> [WHAT YOU WILL DO]
Give back every line of the material exactly. Skip the pictures.

> [DATA SHOWN]
· · · · · · ·

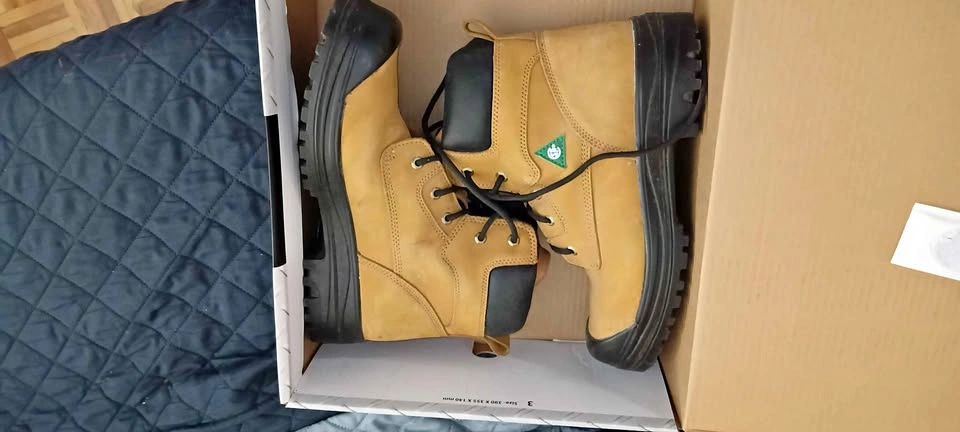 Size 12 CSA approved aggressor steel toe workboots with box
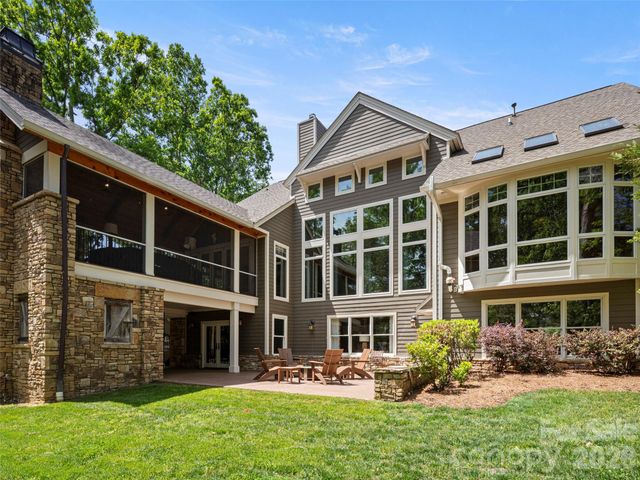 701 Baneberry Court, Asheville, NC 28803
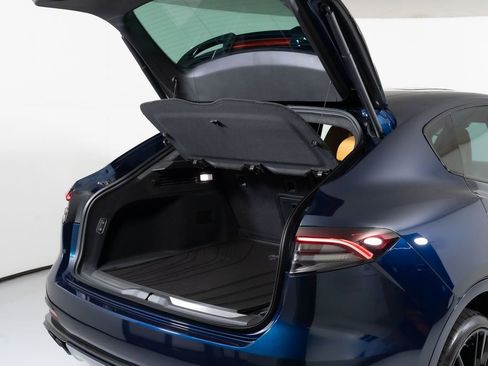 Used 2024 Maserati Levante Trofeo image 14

· · · · · · ·

> [EXERCISE OUTPUT]
 Size 12 CSA approved aggressor steel toe workboots with box
 701 Baneberry Court, Asheville, NC 28803
 Used 2024 Maserati Levante Trofeo image 14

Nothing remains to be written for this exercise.